3.1.4. Specially Shaped Electromagnet Actuators

Some specially shaped actuators fundamentally operate on the same principle as electromagnets. Chen, S. Q. [104] studied an innovative isolation system and dynamic control challenges. Chang, K. N. [105] developed a compact magnetic pneumatic isolation platform, using electromagnetic coils to produce attractive interactions counteracting the pneumatic thrust load. The platform minimizes axial bearing stiffness and precisely controls the platform’s axial position. Mofidian, S. M. M. [106] proposed an isolation system combining elastic and MSs with viscous and magnetic damping, as shown in Figure 13, where the arrangement of magnets results in a negative linear stiffness. The dynamic characteristics of the vibration isolator were extensively analyzed through both experimental measurements and model simulations. Displacement transmissibility versus frequency was evaluated at acceleration levels of 1.0 g and 0.25 g [m/s²], employing both the harmonic balance method (HBM) and the 4th-order Runge–Kutta (RK) numerical method for model simulations. The results demonstrated the isolator’s efficacy in attenuating vibrations above 11.91 Hz when subjected to an excitation of 0.25 g [m/s²]. Notably, the isolator incorporated a novel eddy current damper, rendering it both oil-free and leakage-free, thus enhancing its practical applicability and maintenance profile.

3.2. Linear Motors

Linear motor actuators are excellent for active vibration isolators, effectively performing single-DOF actuation tasks. Currently, coreless voice coil motors are widely adopted.
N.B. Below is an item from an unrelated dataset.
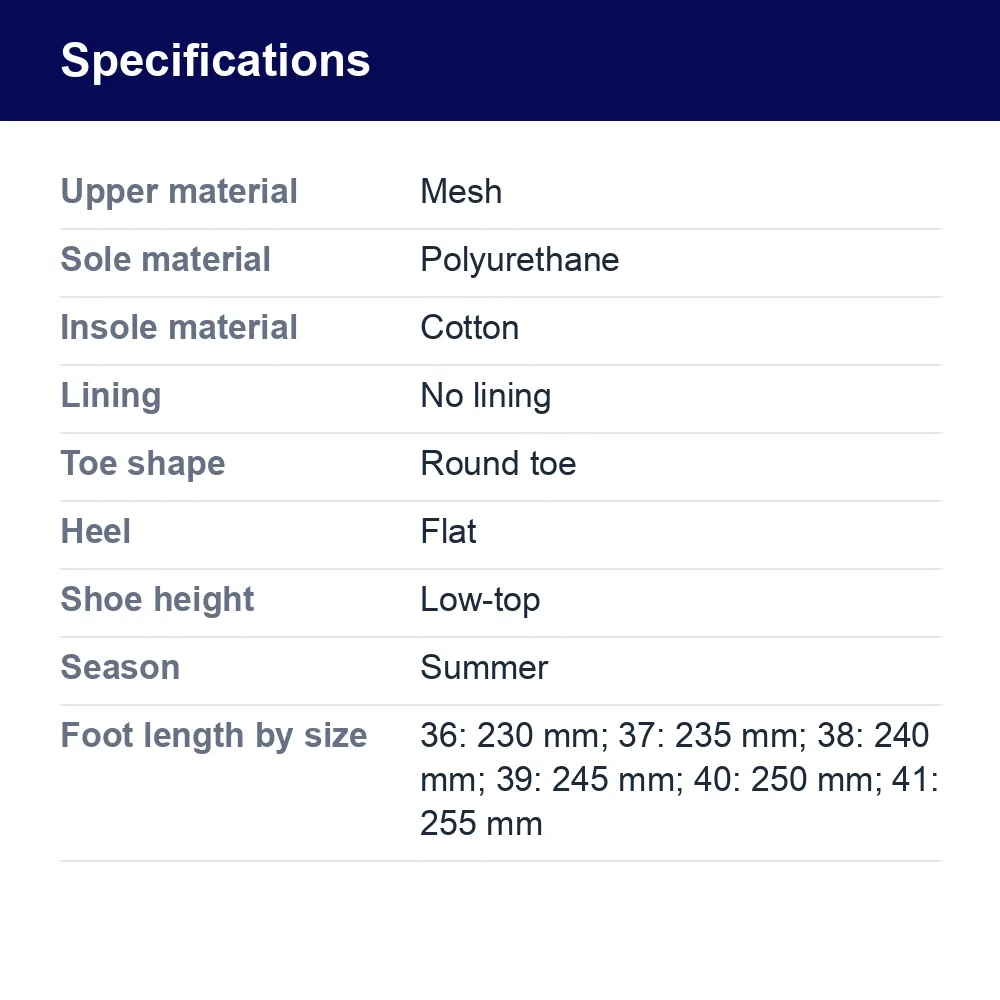 Women's Embroidered Mesh Flats – Round Toe, Flat Sole – specifications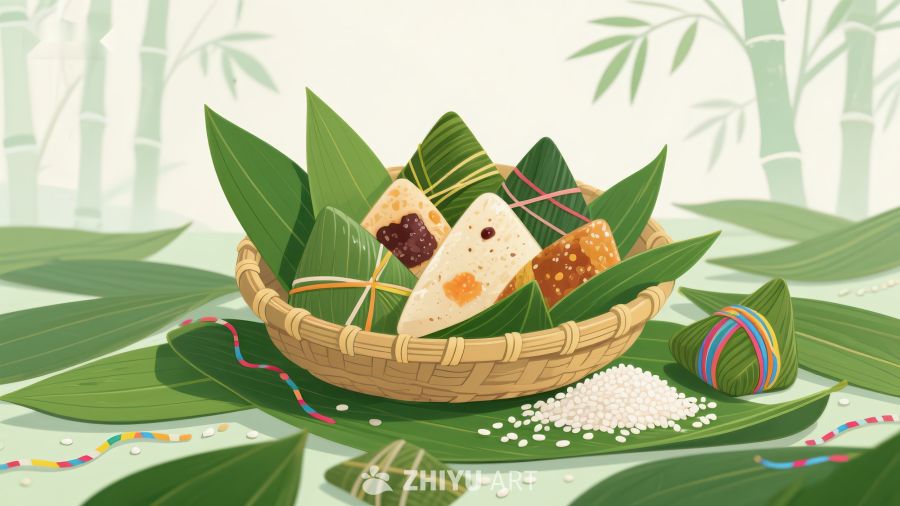 竹篮中的粽子与竹叶 470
3.2.1. Traditional Dual-Sided Voice Coil Motors

Wu, Q. Q. has frequently applied traditional bilateral voice coil motors as Lorentz force actuators in magnetic levitation isolation platforms. In [107], a magnetic levitation actuator with excellent linearity was designed, and its essential characteristics were obtained through the FEM, as shown in Figure 14. By altering the actuator‘s arrangement, active isolation platforms for different payload scales were designed, and actuator characteristic verification experiments were conducted. The linearity of the actuator and the mechanical dynamic response of the platform were obtained. The experimental results highlight the effectiveness of the proposed design. In [108], the motor’s structure was designed to achieve better performance, and a optimization was devised to maximize thrust while minimizing conductor mass.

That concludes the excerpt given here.